Your instructions
Your answer should hold exactly the lines from the line containing "14192-381Acons" through the end of the entries that follow.

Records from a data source
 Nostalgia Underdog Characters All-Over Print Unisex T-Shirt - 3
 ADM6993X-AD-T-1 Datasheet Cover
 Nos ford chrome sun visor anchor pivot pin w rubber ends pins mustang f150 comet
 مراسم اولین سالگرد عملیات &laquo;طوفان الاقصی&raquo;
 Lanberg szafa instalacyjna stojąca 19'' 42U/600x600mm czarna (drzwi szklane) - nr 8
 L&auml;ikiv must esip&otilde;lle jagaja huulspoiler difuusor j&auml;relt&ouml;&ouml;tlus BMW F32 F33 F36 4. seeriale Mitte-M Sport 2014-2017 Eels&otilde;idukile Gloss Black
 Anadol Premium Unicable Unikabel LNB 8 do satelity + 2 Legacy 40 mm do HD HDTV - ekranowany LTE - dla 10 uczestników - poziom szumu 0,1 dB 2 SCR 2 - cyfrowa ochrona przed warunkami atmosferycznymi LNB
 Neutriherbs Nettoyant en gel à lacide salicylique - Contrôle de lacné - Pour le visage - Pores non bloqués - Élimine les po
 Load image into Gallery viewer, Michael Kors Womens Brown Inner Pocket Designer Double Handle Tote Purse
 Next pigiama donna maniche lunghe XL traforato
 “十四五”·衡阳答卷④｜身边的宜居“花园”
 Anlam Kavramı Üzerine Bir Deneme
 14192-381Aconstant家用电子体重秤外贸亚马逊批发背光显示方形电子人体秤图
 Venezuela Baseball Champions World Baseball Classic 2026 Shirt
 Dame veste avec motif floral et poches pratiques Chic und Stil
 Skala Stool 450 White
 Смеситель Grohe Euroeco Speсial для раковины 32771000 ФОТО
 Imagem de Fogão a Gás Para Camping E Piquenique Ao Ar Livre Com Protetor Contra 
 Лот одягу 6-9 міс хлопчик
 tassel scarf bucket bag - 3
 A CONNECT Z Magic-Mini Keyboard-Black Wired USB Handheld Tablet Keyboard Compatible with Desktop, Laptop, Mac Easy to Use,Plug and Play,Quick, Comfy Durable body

Completed exercise
 14192-381Aconstant家用电子体重秤外贸亚马逊批发背光显示方形电子人体秤图
 Venezuela Baseball Champions World Baseball Classic 2026 Shirt
 Dame veste avec motif floral et poches pratiques Chic und Stil
 Skala Stool 450 White
 Смеситель Grohe Euroeco Speсial для раковины 32771000 ФОТО
 Imagem de Fogão a Gás Para Camping E Piquenique Ao Ar Livre Com Protetor Contra 
 Лот одягу 6-9 міс хлопчик
 tassel scarf bucket bag - 3
 A CONNECT Z Magic-Mini Keyboard-Black Wired USB Handheld Tablet Keyboard Compatible with Desktop, Laptop, Mac Easy to Use,Plug and Play,Quick, Comfy Durable body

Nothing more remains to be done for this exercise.